This way uses torch.multiprocessing.spawn and is the default way to spawn processes. However, this way is slower due to initialization overhead.
or
Only initialize a processing group given the backend (useful with tools like
torchrun,horovodrun, etc).
This way is recommended since training is faster and easier to extend to multiple scripts.
We can pass additional information to Parallel collectively as spawn_kwargs as we will see below.
Note: It is recommended to run distributed code as scripts for ease of use, however we can also spawn processes in a Jupyter notebook (see end of tutorial). The complete code as a script can be found here.
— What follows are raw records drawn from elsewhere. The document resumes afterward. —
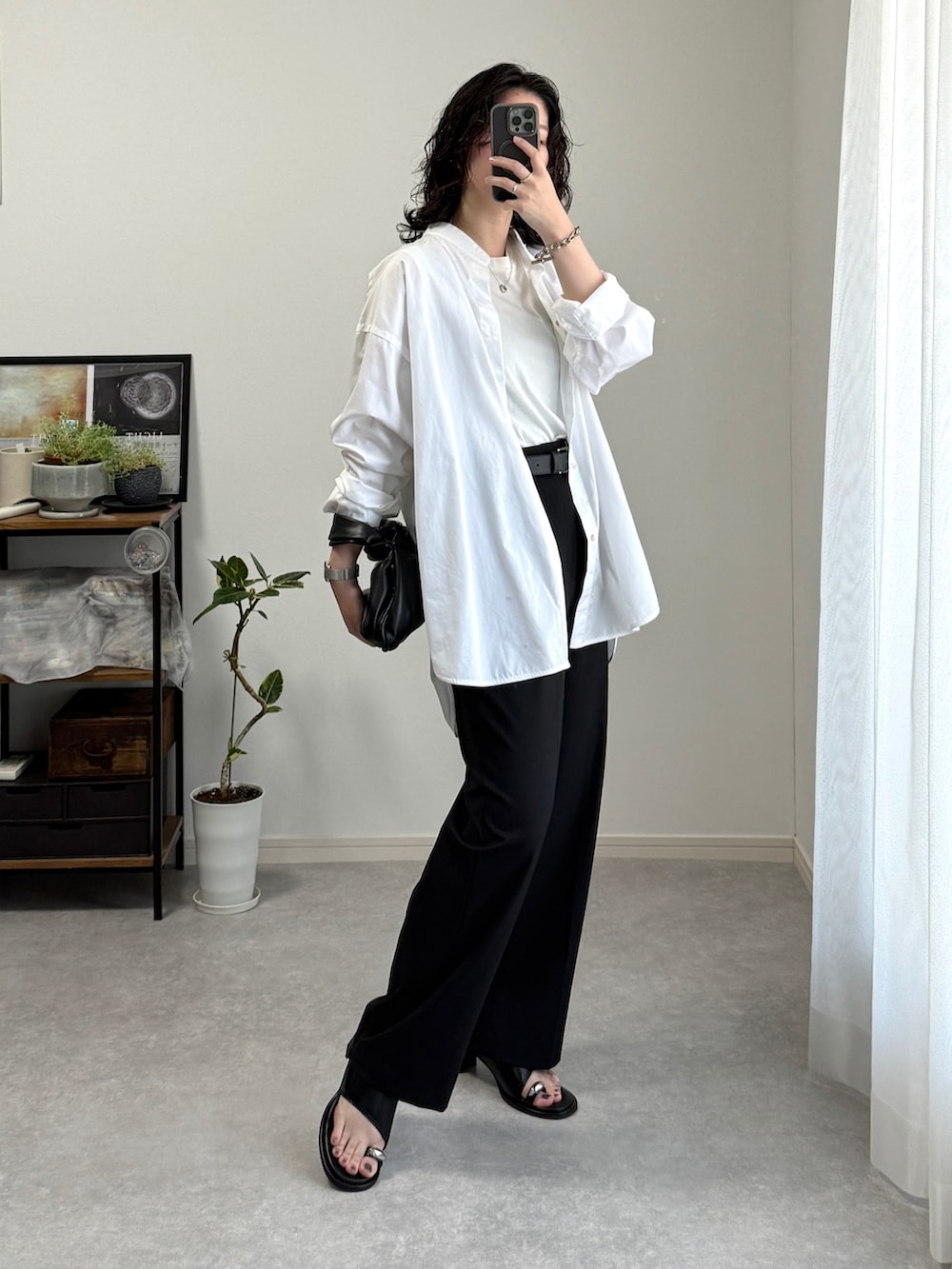 ブラック系のスラックス、ブラック系のサンダル、ブラック系のハンドバッグを着用したレディースの春コーディネートの2枚目の写真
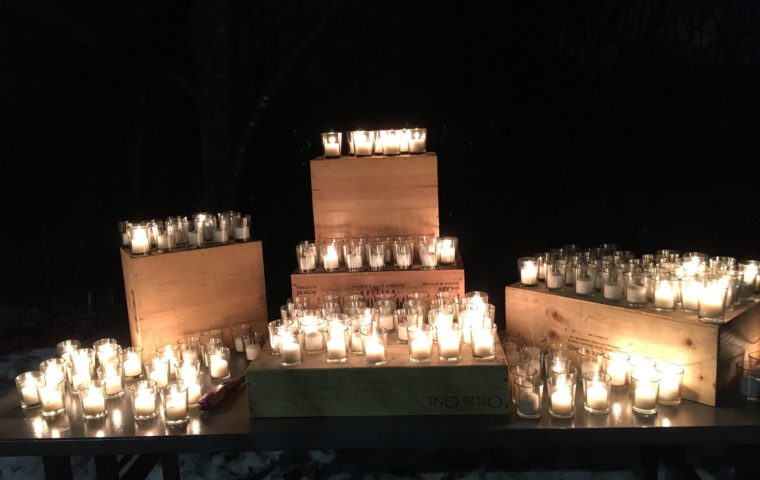 Display of candles lighting up the darkness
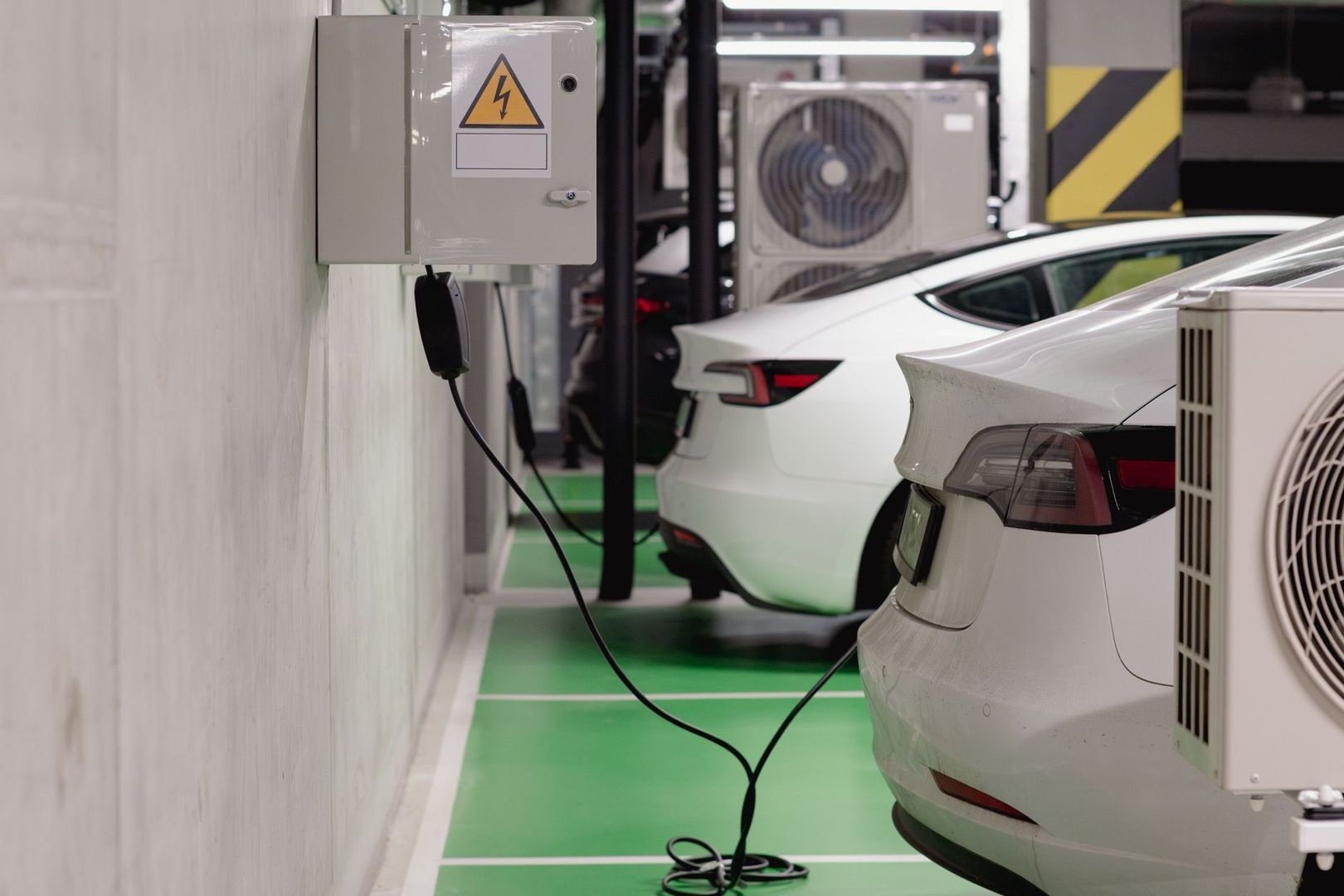 Elbilar parkerade i rad med laddkabel i ett garage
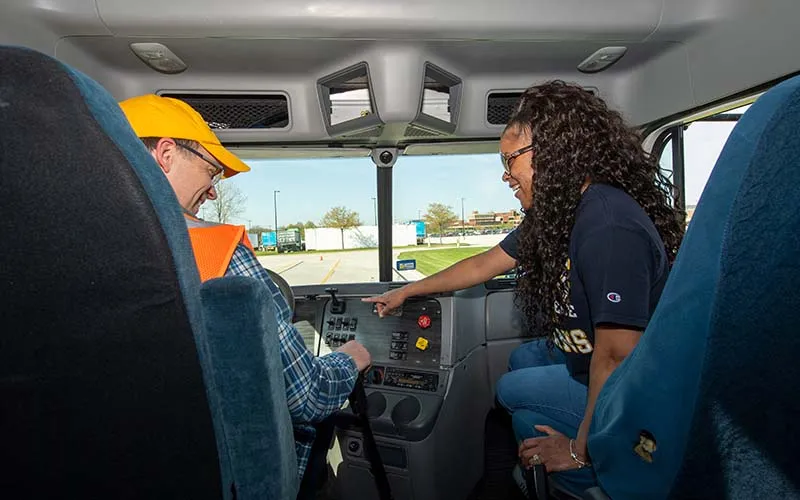 Sharla Suggs, instructor of truck driving, trains a student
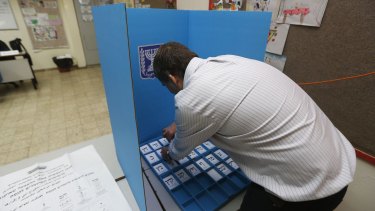 A polling station worker arranges ballots in a voting booth in Tel Aviv.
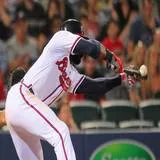 A player bunts for a pop out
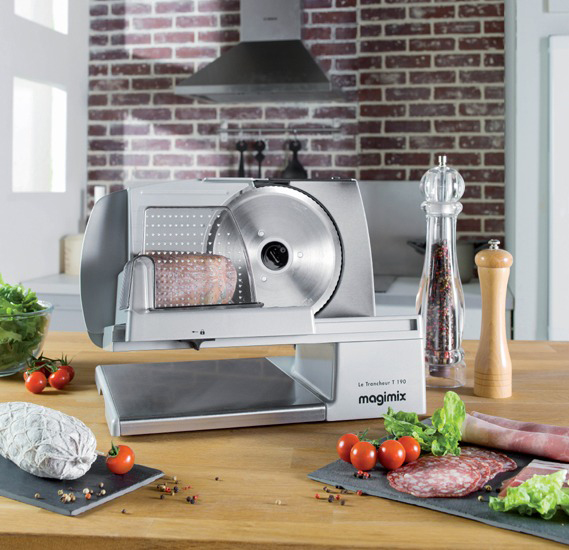 Vlees snijmachine op een houten tafel, met etenswaren.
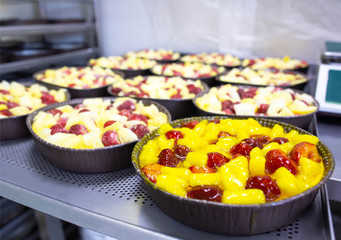 Fresh summer cake with fresh strawberries and pineapple berries in syrup for dessert, decoration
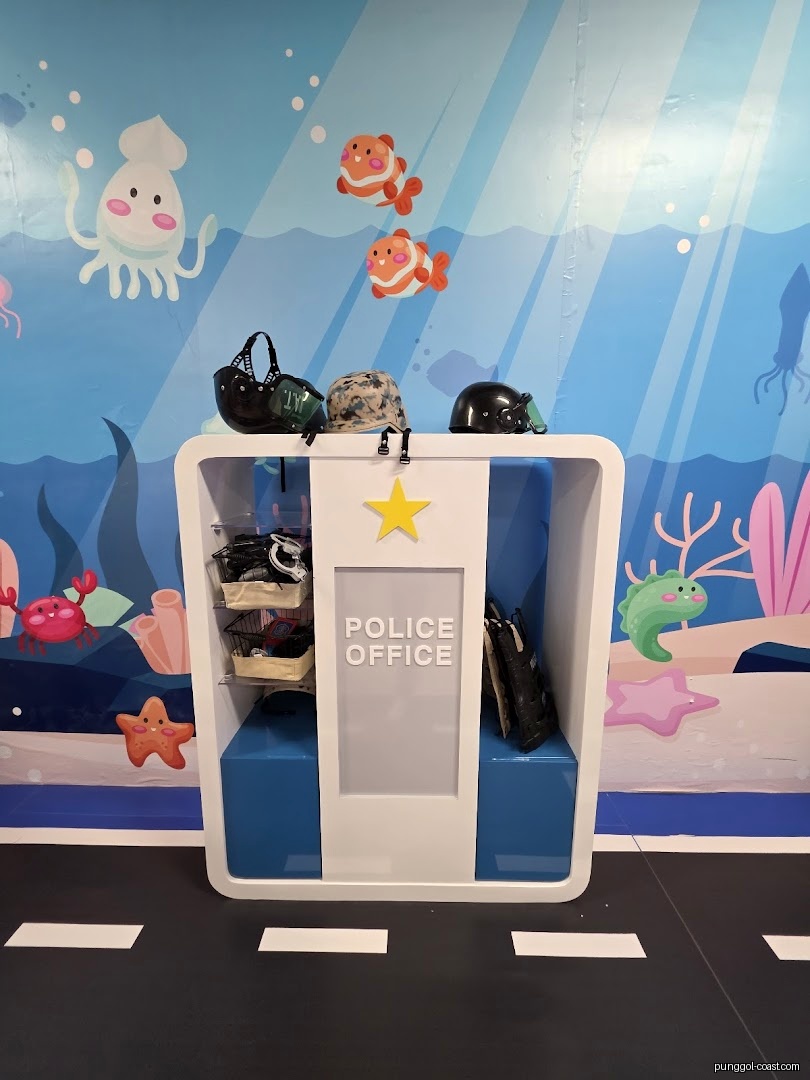 Interior shot of a play police office with ocean mural background.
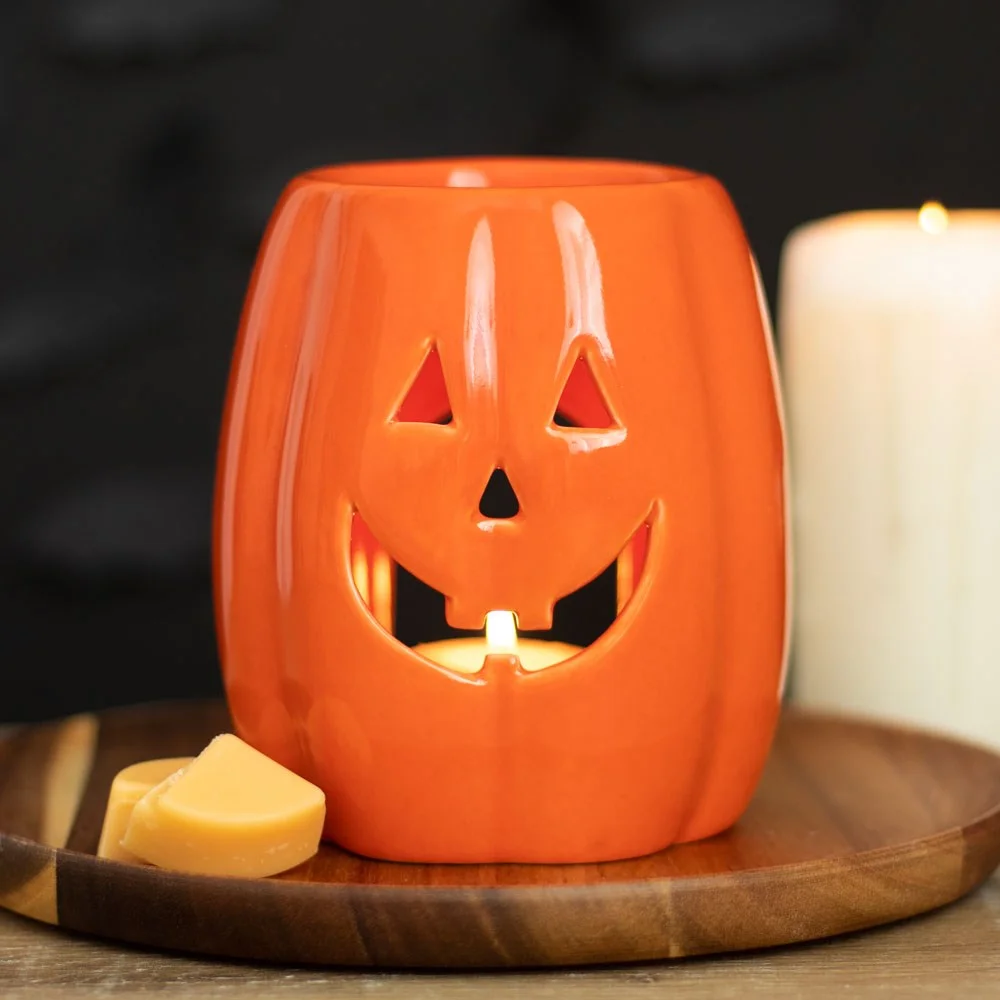 Orange ceramic jack-o-lantern oil burner and wax warmer with carved face for Halloween decor and fragrance use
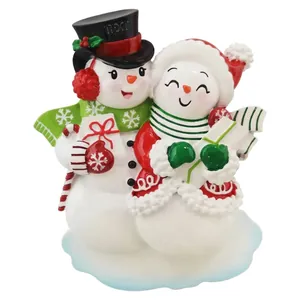 Customizable resin snowman couple Christmas tree ornament with festive gift and candy cane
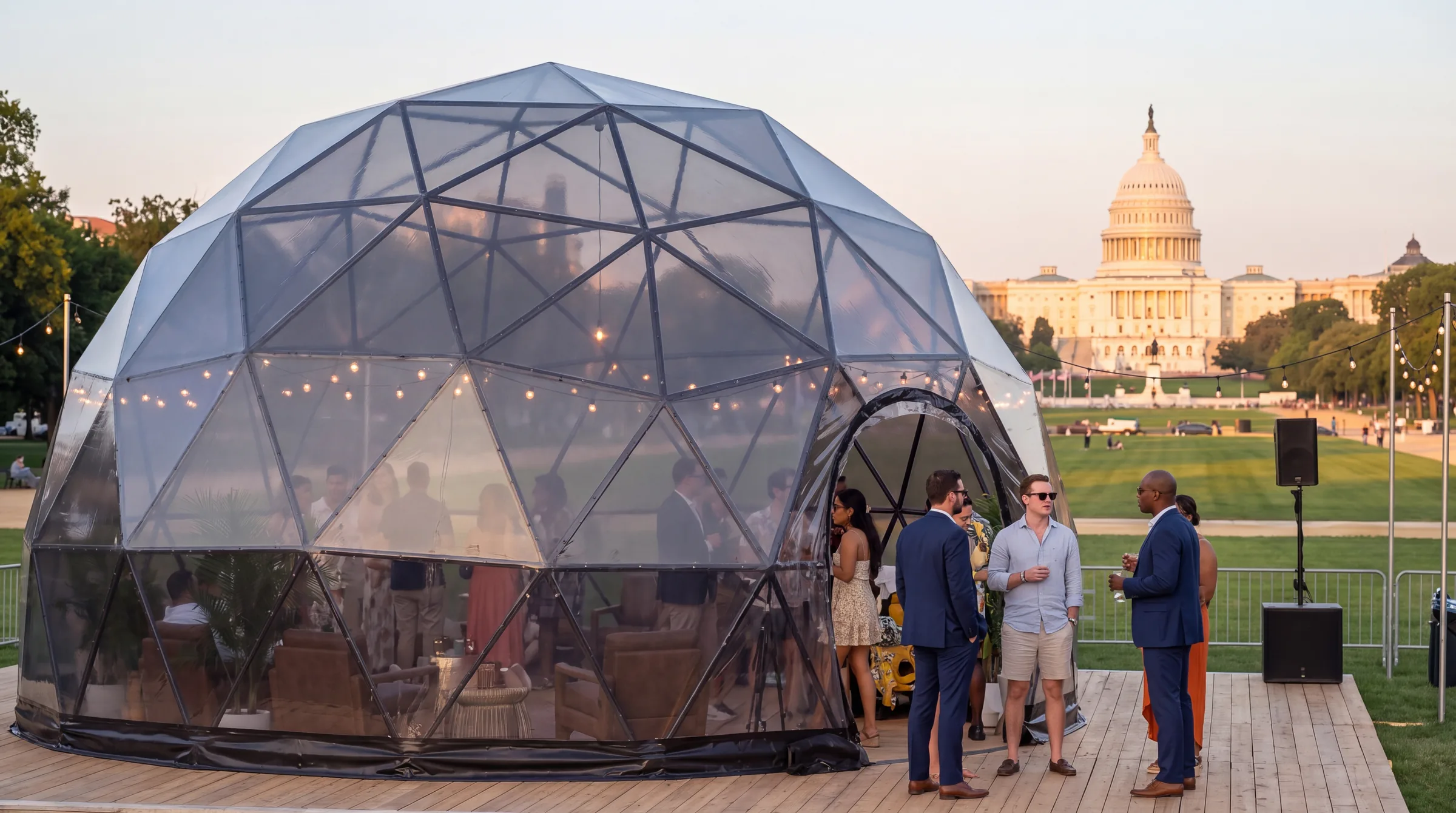 Clear geodesic event dome hosting a reception on a lawn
Choose one of the suggested ways below to run the script.
Single Node, One or More GPUs
We will use fire to convert run() into a CLI, use the arguments parsed inside run() directly and begin training in the script:
import fire
def run(backend=None, **spawn_kwargs):
    config["backend"] = backend
    
    with idist.Parallel(backend=config["backend"], **spawn_kwargs) as parallel:
        parallel.run(training, config)
if __name__ == "__main__":
    fire.Fire({"run": run})
Then we can run the script (e.g. for 2 GPUs) as:
Run with torchrun (Recommended)
torchrun --nproc_per_node=2 main.py run --backend="nccl"
Run with internal spawning (torch.multiprocessing.spawn)
python -u main.py run --backend="nccl" --nproc_per_node=2
Run with horovodrun
Please make sure that backend=horovod. np below is number of processes.
horovodrun -np=2 python -u main.py run --backend="horovod"
Multiple Nodes, Multiple GPUs
The code inside the script is similar to Single Node, One or More GPUs:
import fire
def run(backend=None, **spawn_kwargs):
    config["backend"] = backend
    
    with idist.Parallel(backend=config["backend"], **spawn_kwargs) as parallel:
        parallel.run(training, config)
if __name__ == "__main__":
    fire.Fire({"run": run})
The only change is how we run the script. We need to provide the IP address of the master node and its port along with the node rank. For example, for 2 nodes (nnodes) and 2 GPUs (nproc_per_node), we can:
Run with torchrun (Recommended)
On node 0 (master node):
torchrun \
    --nnodes=2 \
    --nproc_per_node=2 \
    --node_rank=0 \
    --master_addr=master --master_port=2222 \
    main.py run --backend="nccl"
On node 1 (worker node):
torchrun \
    --nnodes=2 \
    --nproc_per_node=2 \
    --node_rank=1 \
    --master_addr=master --master_port=2222 \
    main.py run --backend="nccl"
Run with internal spawning
On node 0:
python -u main.py run
    --nnodes=2 \
    --nproc_per_node=2 \
    --node_rank=0 \
    --master_addr=master --master_port=2222 \
    --backend="nccl"
On node 1:
python -u main.py run
    --nnodes=2 \
    --nproc_per_node=2 \
    --node_rank=1 \
    --master_addr=master --master_port=2222 \
    --backend="nccl"
Run with horovodrun
np below is calculated by nnodes x nproc_per_node.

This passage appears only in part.